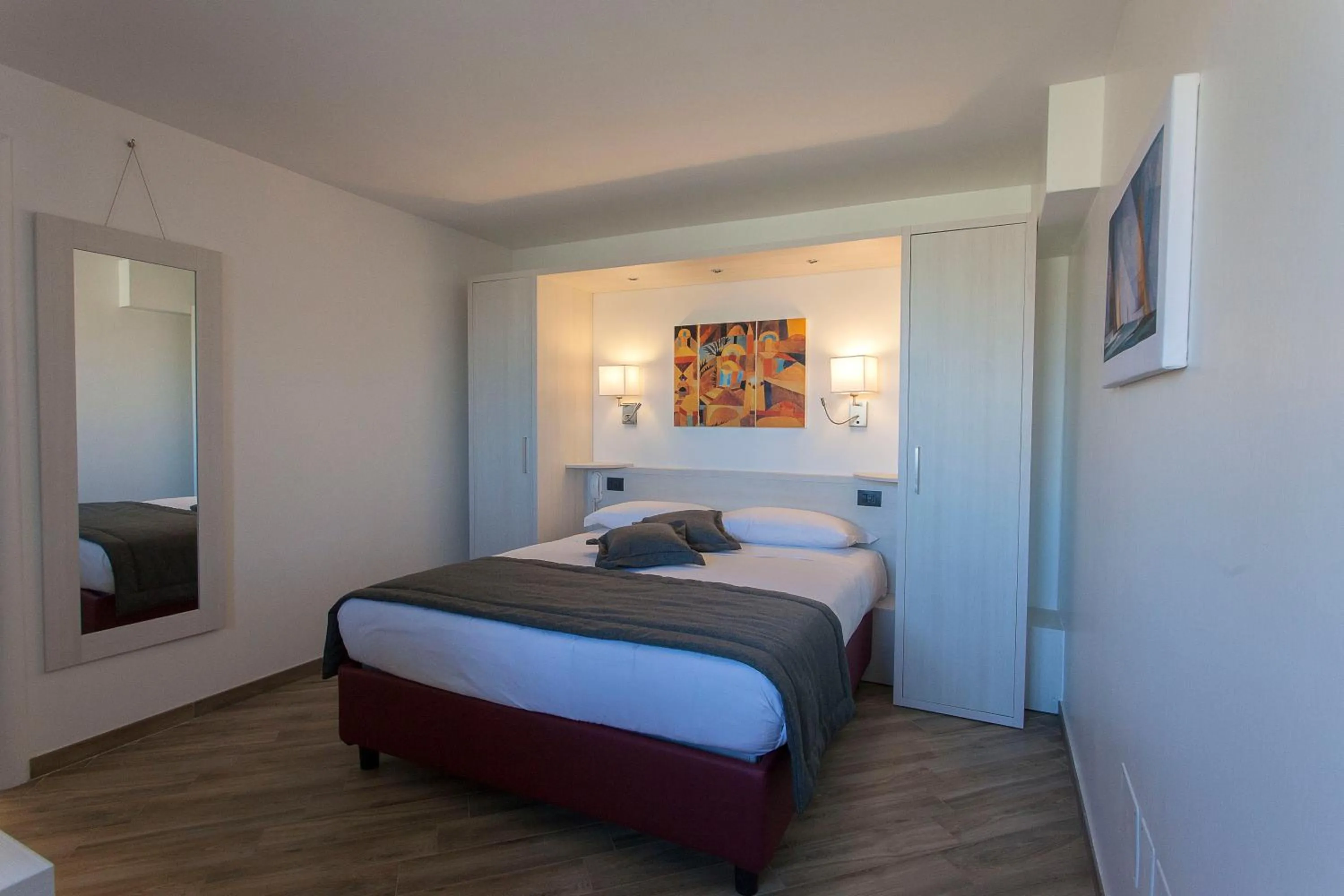 Bed in Astra Roma Apartments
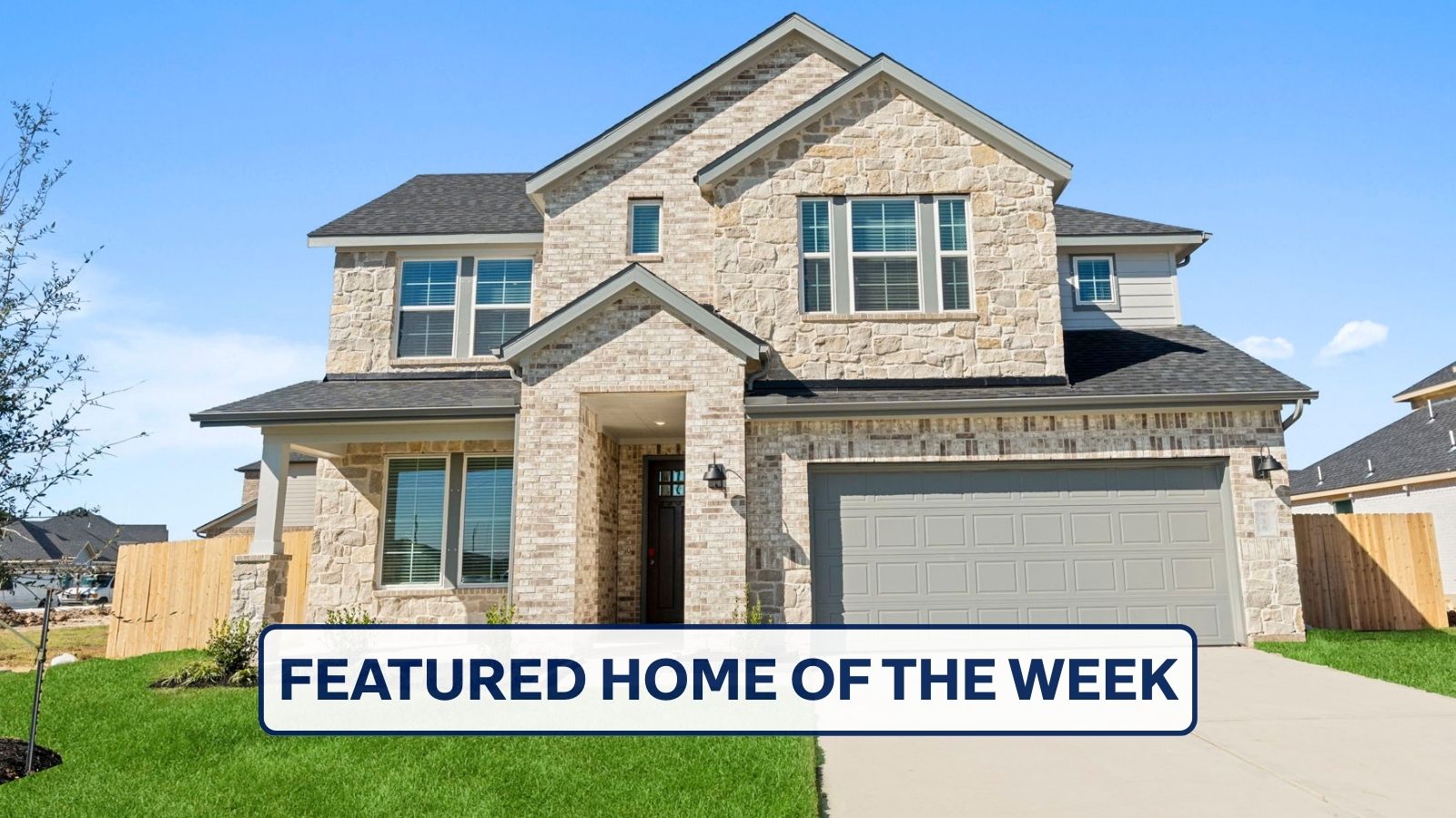 two story brick home with a two car garage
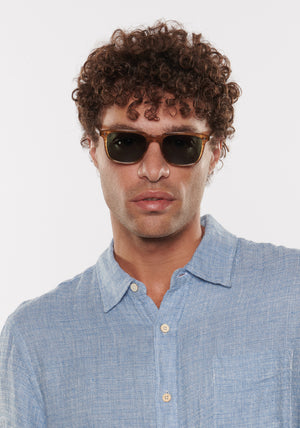 MATTHEW | Umber Polarized Handcrafted, brown tan acetate square rectangle polarized KREWE sunglasses mens model | Model: Miguel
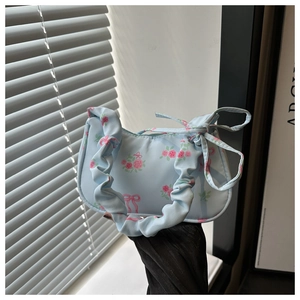 Detail of blue handheld bag featuring pink rose patterns and pleated fabric handle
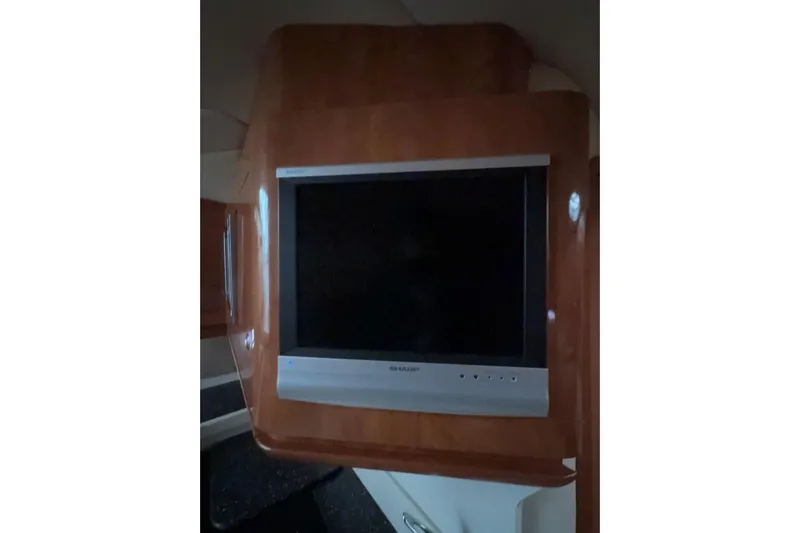  Yacht Photos Pics Flat-screen TV mounted on wood panel in 2007 Four Winns 378 Vista boat interior.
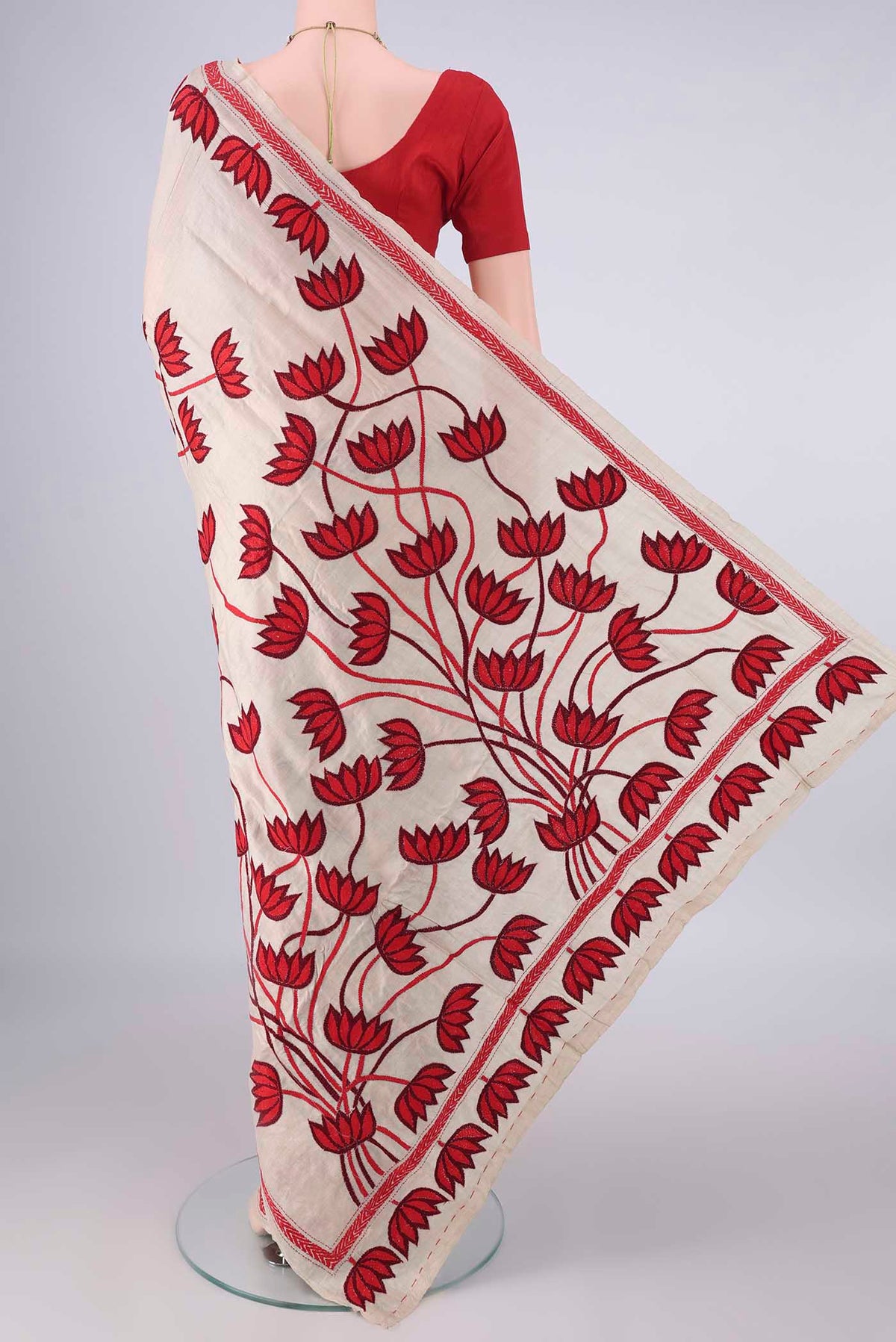Flat view of Beige Tussar Saree with Kantha Work on the body and Thread Border.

━━━━━━

INSTRUCTIONS FOR THE TASK —
Transcribe the lines that run from the line bearing "Yacht Photos Pics" through the last line of the data. Keep the wording exact and leave out every picture.

SOLUTION FOR THIS PROBLEM —
  Yacht Photos Pics Flat-screen TV mounted on wood panel in 2007 Four Winns 378 Vista boat interior.
Flat view of Beige Tussar Saree with Kantha Work on the body and Thread Border.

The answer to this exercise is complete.